DIRECTIONS FOR THIS TASK
Retype the whole listing verbatim and keep the pictures out of it.

RAW DATA
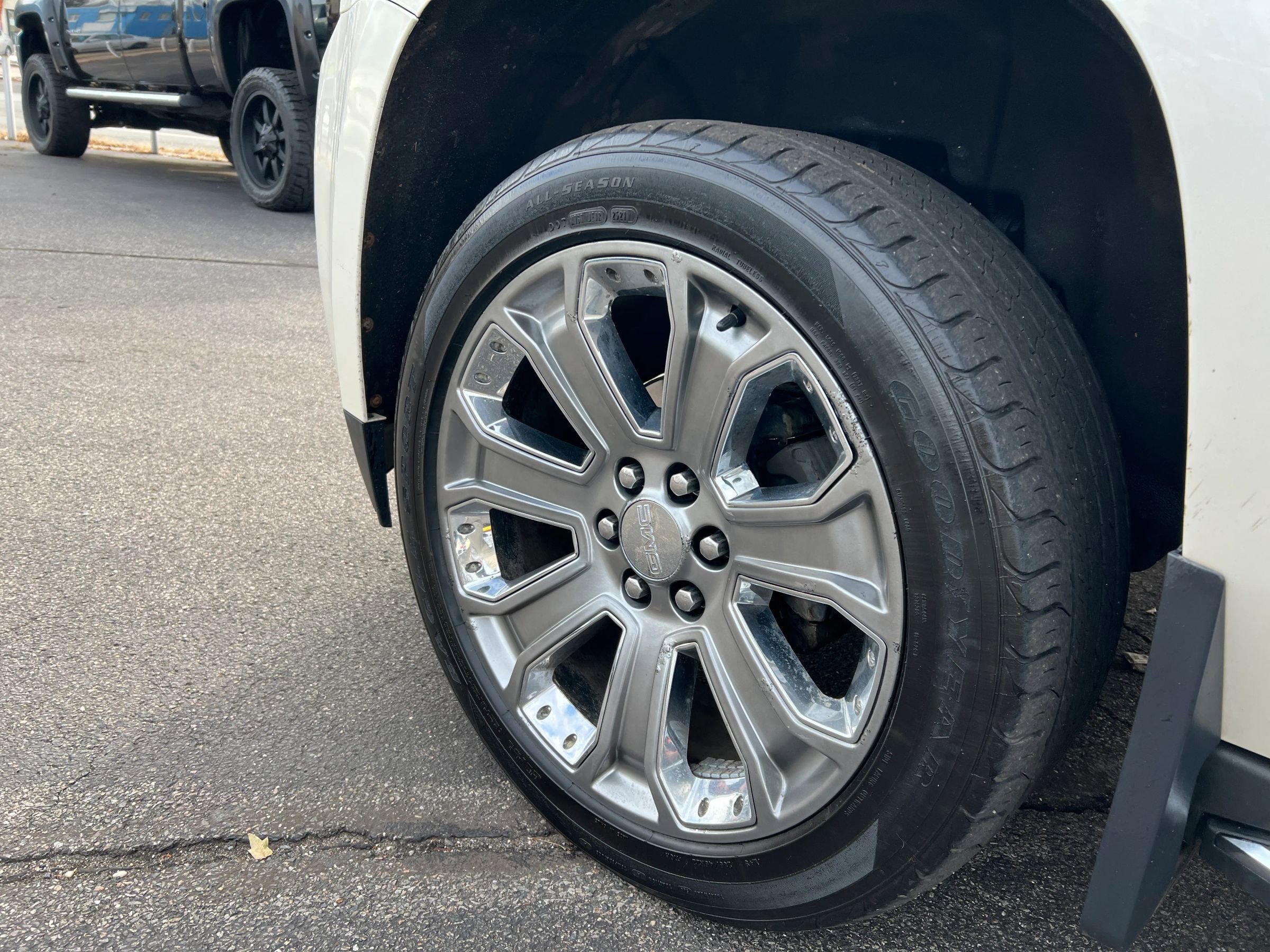 Used 2015 GMC Yukon Denali image 27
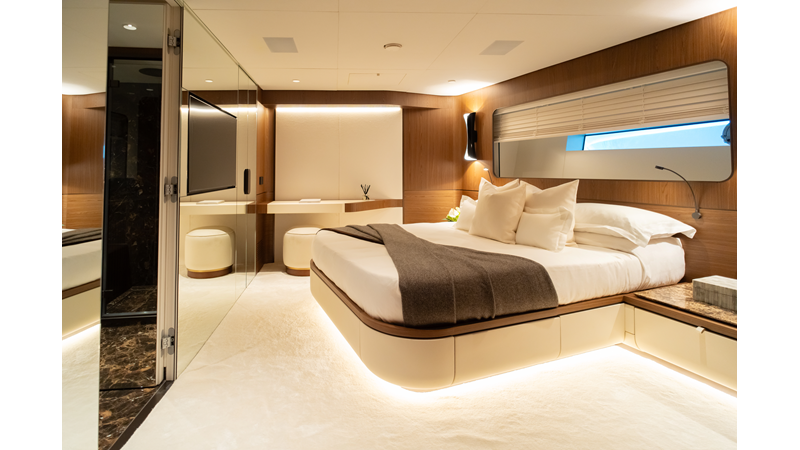 X90 FAST - Yacht zu verkaufen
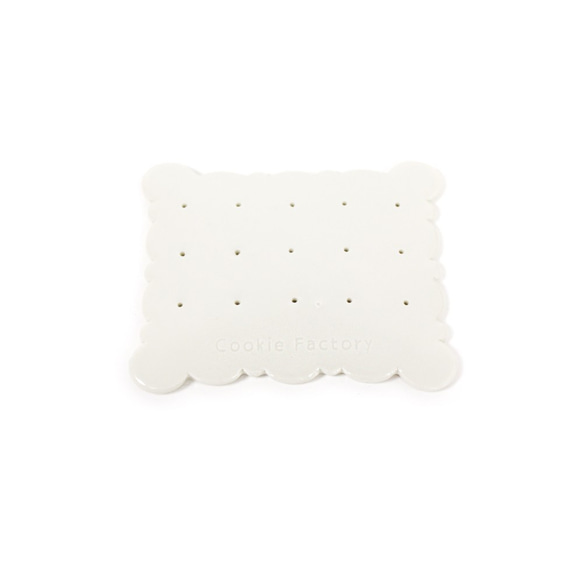 手工白瓷耳環收納與展示架 純白瓷 Pillow雲朵枕頭造型 一只餅乾 第3張的照片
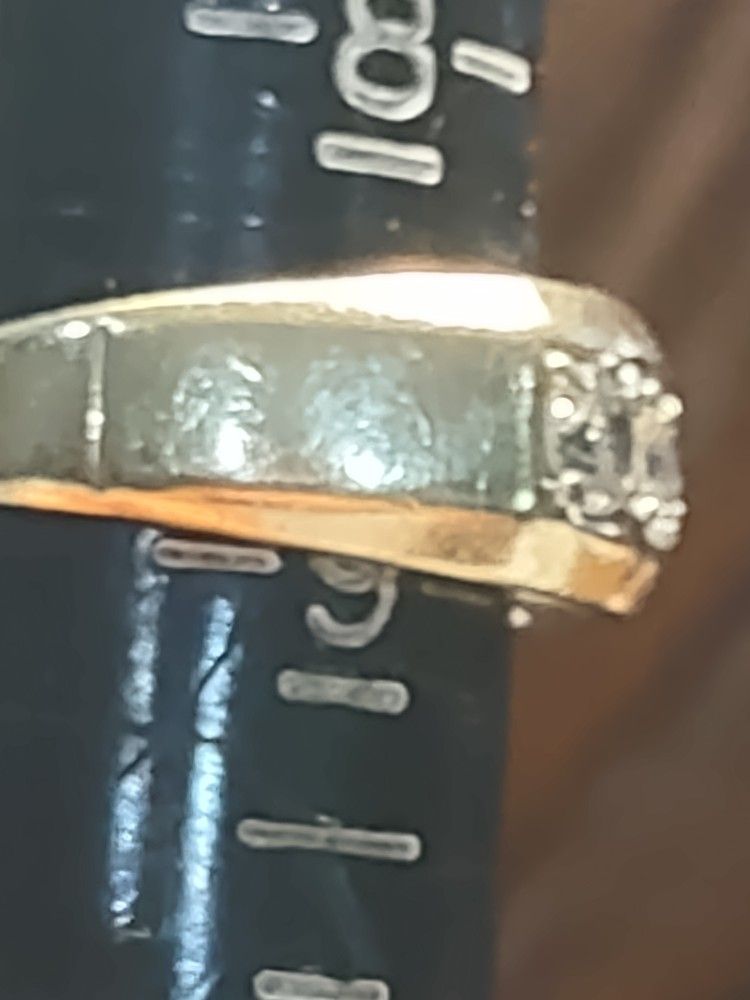 10k yellow 3 Natural Diamonds Round Gorgeous Ring Size 9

ANSWER TO THIS EXERCISE
 Used 2015 GMC Yukon Denali image 27
 X90 FAST - Yacht zu verkaufen
 手工白瓷耳環收納與展示架 純白瓷 Pillow雲朵枕頭造型 一只餅乾 第3張的照片
 10k yellow 3 Natural Diamonds Round Gorgeous Ring Size 9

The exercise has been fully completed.